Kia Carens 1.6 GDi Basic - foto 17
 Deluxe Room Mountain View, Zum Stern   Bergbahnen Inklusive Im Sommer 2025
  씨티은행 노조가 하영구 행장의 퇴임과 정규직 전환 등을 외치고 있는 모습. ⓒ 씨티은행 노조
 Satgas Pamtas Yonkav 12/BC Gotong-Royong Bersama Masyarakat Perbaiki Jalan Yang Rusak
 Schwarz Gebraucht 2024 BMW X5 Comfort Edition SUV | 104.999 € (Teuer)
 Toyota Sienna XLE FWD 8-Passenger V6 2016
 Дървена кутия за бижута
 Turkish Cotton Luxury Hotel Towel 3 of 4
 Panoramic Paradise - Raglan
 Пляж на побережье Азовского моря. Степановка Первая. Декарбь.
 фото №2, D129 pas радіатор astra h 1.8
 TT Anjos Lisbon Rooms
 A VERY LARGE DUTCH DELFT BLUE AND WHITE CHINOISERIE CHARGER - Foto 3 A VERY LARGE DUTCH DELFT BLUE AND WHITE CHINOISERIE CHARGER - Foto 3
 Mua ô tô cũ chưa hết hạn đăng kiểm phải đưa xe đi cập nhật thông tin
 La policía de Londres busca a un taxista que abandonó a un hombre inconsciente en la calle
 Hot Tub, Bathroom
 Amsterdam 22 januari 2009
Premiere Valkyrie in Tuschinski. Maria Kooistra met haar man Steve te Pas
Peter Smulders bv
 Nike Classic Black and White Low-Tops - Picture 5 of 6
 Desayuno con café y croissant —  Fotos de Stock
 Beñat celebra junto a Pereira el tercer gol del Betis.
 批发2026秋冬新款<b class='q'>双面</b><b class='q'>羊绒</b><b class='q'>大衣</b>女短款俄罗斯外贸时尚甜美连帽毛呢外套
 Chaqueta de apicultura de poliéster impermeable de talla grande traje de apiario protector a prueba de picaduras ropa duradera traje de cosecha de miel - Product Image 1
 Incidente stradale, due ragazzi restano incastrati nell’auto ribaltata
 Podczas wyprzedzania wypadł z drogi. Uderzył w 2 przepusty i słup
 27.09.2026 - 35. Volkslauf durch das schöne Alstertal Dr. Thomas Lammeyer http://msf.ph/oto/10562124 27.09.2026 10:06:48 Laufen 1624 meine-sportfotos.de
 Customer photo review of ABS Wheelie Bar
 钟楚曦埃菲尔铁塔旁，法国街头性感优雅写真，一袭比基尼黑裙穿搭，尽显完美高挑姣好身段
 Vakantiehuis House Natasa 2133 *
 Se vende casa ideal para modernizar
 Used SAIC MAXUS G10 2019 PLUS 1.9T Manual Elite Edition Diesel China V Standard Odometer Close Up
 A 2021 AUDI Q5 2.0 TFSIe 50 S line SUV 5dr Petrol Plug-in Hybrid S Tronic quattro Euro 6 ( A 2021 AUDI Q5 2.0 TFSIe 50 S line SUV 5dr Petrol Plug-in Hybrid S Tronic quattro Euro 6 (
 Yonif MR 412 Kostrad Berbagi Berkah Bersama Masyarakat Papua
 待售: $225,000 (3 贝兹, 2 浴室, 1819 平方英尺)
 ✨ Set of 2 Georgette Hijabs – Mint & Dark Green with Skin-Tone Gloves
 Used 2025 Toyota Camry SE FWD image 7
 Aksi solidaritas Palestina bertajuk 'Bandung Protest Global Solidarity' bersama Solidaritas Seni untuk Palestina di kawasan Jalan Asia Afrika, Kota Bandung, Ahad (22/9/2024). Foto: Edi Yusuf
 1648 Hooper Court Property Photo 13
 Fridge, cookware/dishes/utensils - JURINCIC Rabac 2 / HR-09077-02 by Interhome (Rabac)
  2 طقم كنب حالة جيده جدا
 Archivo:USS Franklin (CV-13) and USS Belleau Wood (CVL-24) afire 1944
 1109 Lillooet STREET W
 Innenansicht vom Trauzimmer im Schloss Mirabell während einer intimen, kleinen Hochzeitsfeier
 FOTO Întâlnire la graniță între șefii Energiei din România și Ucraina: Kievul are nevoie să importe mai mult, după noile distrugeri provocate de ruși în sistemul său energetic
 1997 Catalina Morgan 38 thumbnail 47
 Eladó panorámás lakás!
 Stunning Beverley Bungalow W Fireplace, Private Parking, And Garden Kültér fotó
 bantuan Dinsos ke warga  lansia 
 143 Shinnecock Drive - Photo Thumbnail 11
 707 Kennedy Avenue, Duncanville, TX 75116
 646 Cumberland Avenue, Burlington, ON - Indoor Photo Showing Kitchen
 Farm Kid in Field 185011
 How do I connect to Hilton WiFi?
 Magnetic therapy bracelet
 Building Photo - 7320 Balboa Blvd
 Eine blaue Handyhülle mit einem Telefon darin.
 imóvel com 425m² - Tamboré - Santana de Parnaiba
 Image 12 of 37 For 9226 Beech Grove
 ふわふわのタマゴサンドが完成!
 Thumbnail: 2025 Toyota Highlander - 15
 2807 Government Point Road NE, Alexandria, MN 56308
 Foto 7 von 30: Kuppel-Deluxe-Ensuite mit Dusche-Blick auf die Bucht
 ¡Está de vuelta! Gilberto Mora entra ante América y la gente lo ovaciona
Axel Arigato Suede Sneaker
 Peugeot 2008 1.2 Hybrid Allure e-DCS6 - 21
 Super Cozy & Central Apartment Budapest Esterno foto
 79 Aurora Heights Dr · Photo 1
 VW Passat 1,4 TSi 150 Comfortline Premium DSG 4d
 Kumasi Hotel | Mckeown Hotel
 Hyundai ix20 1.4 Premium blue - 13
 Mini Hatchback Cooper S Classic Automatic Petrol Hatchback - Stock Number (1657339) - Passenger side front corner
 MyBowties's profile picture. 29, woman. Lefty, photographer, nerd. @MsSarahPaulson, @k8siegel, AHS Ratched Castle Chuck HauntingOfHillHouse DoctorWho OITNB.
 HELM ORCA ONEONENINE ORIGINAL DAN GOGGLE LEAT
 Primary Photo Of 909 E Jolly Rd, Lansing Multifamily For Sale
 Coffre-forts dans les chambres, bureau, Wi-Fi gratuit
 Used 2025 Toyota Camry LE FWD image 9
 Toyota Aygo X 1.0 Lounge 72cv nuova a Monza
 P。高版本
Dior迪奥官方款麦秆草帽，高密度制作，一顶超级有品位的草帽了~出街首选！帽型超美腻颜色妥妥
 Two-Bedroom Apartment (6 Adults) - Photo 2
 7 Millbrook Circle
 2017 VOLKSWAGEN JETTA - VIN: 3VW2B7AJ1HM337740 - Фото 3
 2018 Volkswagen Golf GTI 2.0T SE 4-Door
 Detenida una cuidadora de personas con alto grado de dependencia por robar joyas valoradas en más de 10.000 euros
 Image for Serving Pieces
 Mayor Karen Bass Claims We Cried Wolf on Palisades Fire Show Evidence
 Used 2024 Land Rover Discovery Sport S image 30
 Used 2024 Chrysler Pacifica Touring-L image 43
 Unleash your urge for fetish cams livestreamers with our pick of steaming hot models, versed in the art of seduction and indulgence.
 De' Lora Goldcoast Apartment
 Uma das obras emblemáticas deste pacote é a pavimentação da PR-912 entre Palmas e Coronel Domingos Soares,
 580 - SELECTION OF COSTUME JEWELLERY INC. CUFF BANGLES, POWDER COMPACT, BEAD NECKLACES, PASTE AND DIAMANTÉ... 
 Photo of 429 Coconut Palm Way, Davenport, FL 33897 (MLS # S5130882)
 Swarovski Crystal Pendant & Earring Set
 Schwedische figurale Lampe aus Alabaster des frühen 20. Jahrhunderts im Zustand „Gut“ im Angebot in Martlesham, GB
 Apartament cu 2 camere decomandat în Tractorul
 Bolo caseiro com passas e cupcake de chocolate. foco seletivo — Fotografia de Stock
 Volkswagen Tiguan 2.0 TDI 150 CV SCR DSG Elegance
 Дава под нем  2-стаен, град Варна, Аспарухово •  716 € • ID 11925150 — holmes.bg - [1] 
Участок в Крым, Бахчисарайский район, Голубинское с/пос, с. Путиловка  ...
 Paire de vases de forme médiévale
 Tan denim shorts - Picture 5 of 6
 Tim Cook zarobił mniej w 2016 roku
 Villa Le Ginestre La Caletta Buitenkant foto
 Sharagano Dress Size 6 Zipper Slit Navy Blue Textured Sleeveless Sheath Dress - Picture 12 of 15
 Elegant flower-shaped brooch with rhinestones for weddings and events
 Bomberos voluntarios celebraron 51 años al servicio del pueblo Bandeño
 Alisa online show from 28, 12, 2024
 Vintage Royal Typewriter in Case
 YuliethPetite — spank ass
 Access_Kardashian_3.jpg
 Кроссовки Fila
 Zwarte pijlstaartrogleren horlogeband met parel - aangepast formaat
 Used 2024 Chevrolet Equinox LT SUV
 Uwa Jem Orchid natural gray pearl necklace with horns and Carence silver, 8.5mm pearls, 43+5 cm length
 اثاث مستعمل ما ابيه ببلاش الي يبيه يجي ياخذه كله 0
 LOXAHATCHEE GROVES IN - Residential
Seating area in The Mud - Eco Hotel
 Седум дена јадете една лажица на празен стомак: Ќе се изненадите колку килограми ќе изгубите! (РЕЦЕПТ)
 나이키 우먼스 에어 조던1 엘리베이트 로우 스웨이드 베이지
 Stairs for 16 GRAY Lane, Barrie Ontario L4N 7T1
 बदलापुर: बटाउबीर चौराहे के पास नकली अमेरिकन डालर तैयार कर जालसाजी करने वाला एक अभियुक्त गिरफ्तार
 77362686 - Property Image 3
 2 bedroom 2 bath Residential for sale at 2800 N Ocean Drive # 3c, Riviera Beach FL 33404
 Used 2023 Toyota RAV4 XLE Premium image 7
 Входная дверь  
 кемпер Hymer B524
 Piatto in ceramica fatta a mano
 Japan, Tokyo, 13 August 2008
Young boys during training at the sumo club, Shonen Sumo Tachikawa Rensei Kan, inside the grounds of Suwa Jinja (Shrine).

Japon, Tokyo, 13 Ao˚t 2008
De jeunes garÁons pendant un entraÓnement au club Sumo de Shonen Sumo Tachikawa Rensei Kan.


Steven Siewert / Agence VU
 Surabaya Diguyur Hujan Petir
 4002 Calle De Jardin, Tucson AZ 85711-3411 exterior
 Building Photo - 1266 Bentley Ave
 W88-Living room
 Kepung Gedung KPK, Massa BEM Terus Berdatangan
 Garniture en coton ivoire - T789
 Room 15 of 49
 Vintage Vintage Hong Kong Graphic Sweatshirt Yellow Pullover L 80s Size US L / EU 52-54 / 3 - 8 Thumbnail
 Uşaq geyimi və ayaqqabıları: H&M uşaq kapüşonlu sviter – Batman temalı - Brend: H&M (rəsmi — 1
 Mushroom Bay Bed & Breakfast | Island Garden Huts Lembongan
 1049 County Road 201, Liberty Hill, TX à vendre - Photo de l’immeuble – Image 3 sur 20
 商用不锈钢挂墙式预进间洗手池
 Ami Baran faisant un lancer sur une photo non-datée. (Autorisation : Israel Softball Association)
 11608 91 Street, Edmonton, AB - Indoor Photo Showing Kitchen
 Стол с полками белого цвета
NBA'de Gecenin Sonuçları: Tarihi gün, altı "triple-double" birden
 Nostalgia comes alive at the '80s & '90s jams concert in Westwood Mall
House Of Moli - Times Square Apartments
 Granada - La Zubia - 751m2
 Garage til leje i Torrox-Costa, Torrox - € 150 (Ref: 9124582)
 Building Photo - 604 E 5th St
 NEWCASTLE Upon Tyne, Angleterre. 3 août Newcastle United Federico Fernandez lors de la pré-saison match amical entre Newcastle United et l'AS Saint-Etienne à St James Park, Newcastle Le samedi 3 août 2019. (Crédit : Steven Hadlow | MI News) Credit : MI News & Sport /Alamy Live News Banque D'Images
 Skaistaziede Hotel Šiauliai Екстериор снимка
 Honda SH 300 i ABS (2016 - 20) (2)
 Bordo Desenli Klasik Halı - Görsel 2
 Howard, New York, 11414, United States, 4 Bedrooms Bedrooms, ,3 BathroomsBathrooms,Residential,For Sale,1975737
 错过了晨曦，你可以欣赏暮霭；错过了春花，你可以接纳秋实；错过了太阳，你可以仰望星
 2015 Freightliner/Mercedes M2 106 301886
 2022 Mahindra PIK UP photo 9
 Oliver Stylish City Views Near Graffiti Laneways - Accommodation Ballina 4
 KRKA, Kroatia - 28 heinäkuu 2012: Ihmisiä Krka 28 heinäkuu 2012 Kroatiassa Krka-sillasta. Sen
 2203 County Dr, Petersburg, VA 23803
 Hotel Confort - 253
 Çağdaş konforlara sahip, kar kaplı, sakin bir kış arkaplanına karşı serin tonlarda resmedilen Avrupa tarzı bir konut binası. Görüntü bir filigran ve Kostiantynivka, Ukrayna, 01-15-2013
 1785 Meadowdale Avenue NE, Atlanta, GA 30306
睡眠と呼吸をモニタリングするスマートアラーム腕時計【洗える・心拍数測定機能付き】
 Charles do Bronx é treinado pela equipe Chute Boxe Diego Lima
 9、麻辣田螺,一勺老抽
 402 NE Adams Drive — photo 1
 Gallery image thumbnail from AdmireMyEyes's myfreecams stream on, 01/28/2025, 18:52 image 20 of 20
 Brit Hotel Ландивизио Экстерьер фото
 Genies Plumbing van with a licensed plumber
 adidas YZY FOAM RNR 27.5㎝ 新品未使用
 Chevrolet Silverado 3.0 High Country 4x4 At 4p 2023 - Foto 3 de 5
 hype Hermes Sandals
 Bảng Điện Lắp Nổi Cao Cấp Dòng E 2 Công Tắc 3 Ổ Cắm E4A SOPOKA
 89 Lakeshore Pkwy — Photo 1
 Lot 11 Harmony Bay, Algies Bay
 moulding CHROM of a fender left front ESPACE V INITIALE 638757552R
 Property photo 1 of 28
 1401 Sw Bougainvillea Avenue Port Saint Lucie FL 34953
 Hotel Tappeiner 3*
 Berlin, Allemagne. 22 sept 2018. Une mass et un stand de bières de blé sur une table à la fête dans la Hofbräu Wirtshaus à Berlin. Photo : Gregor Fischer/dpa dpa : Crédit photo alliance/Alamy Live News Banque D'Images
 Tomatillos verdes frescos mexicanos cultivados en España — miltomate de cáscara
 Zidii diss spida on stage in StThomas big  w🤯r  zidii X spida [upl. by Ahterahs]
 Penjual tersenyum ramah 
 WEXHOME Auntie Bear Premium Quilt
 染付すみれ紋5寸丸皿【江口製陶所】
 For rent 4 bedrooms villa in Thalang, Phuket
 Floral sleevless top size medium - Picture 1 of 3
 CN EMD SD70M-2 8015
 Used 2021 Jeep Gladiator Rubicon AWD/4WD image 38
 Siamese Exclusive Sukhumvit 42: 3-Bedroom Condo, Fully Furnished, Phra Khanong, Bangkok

───

Please copy out each line of the listing above that contains the string "Tachikawa".

→ Output for this exercise
Young boys during training at the sumo club, Shonen Sumo Tachikawa Rensei Kan, inside the grounds of Suwa Jinja (Shrine).
De jeunes garÁons pendant un entraÓnement au club Sumo de Shonen Sumo Tachikawa Rensei Kan.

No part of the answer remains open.